Policiamento – O delegado seccional de São Bernardo, Marco Antônio de Paula Santos, afirma que é difícil combater a prostituição infantil ligada ao narcotráfico. "São meninas que saem de casa e vão se prostituir. Não identificamos um esquema armado. Se fossem identificados maiores de idade explorando essas meninas, ficaria mais fácil de acabar com esse problema, que não é só caso de polícia, é uma questão social." Santos acrescenta que, muitas vezes, as meninas acabam servindo de avião, vendendo pequenas quantidades de droga. "O problema é que essa é uma mão-de-obra de fácil reposição. Você prende um, aparece outro. Há cerca de três meses chegamos a fazer quatro prisões em 30 dias nessa região."
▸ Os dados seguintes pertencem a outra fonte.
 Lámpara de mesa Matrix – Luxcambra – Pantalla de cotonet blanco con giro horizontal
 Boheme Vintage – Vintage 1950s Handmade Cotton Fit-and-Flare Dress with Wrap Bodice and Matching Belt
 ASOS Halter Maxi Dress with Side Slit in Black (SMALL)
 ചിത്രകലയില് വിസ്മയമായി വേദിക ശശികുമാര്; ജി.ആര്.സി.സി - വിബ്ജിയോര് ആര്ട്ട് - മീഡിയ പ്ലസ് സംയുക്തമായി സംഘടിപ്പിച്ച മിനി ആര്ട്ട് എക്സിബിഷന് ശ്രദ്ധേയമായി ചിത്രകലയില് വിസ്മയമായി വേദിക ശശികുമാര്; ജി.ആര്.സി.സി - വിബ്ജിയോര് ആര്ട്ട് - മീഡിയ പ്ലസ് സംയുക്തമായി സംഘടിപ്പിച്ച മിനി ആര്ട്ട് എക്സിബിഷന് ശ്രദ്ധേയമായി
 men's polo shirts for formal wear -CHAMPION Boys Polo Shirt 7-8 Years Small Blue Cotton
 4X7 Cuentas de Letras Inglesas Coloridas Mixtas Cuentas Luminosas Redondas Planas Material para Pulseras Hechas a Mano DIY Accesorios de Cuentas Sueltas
A solução, segundo o delegado, seria um policiamento ostensivo no local, que coibiria esse tipo de movimentação. O delegado Paul Henry Verduraz, do 6º DP de São Bernardo, responsável pela área do Ferrazópolis, afirma que agirá com mais rigor para combater a prostituição infantil no local. "O ideal seria um trabalho em conjunto com a Prefeitura e o Conselho Tutelar."
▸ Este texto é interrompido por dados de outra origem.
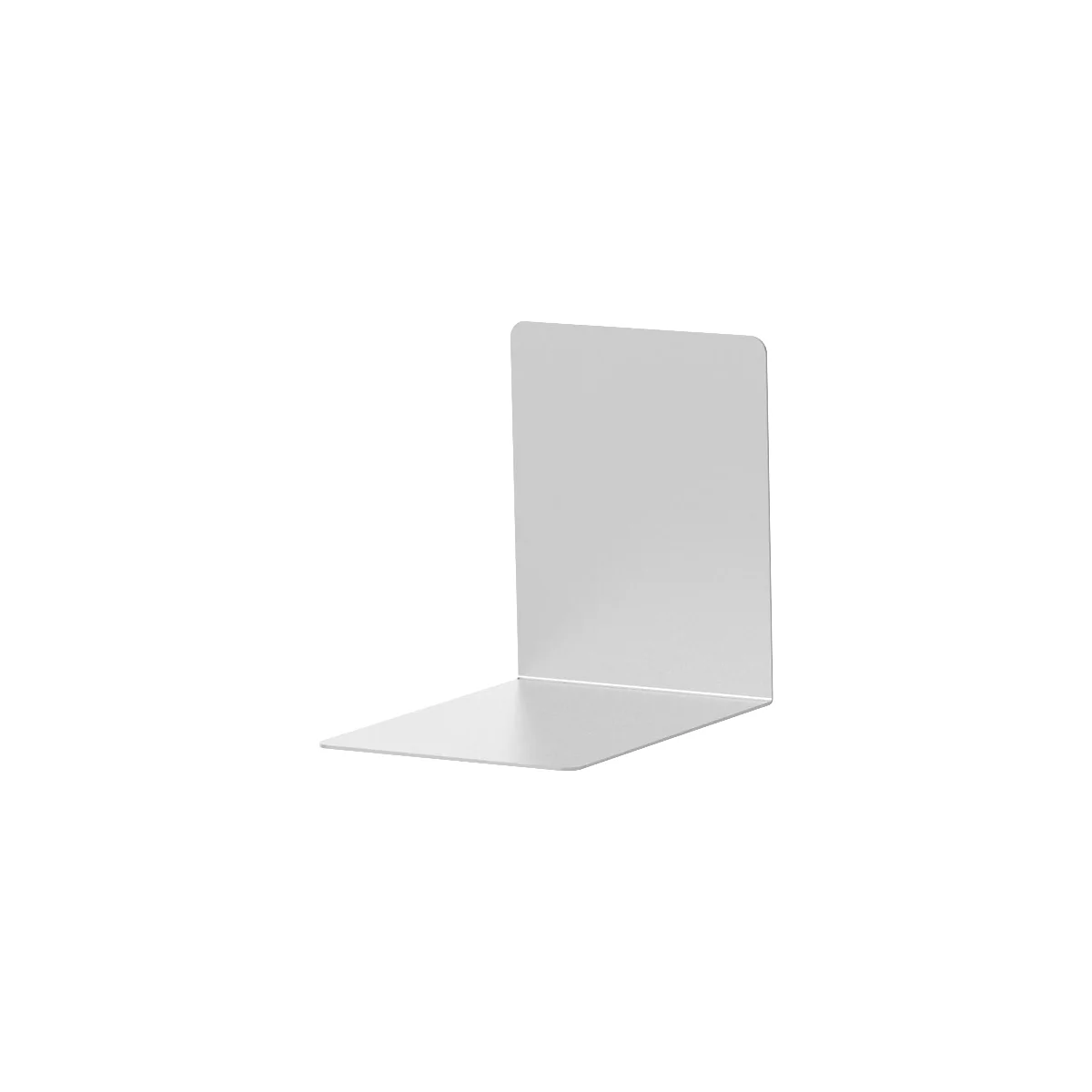 A white, L-shaped bookend against a bright background. It stands on a flat base and has a vertical plate.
A assessoria de imprensa da Polícia Militar afirma que o Terminal Ferrazópolis é um ponto "sensível e prioritário" na rota das viaturas da corporação. Incidentes envolvendo tráfico e uso de drogas no local diminuíram 33% este ano, em comparação com o mesmo período de 2004, segundo a assessoria. A PM não forneceu dados sobre sua atuação em relação à prostituição infantil.

Estrutura – Enquanto a lei não se impõe, o submundo vai criando os seus próprios códigos. As adolescentes, por exemplo, sabem onde podem e onde não oferecer seus serviços sexuais. Podem na rua João Basso. Não podem na rua Marechal Deodoro, onde ficam as prostitutas maiores de idade, e nas ruas Caetano Zanella, Zelinda Zanella e Pedro Setti, ponto dos travestis.

"Menor de idade aqui não cola. Isso chama polícia", diz um travesti da Zelinda Zanella. Uma garota de programa da Marechal Deodoro explica porque menor de idade não faz ponto na sua área. "Porque a gente aqui trabalha sério e essas noinhas só ficam por aí usando drogas."

A estrutura social rígida surgiu com o tempo. Em 1996, reportagens do Diário citavam a presença de prostitutas no local. Uma outra, em 2003, já alertava para a prostituição infantil nos arredores do Ferrazópolis. Menores prostitutas tornaram-se maiores. Mães, viciadas e envolvidas com o tráfico de drogas. Apareceram novas meninas para satisfazer, talvez, os mesmos clientes.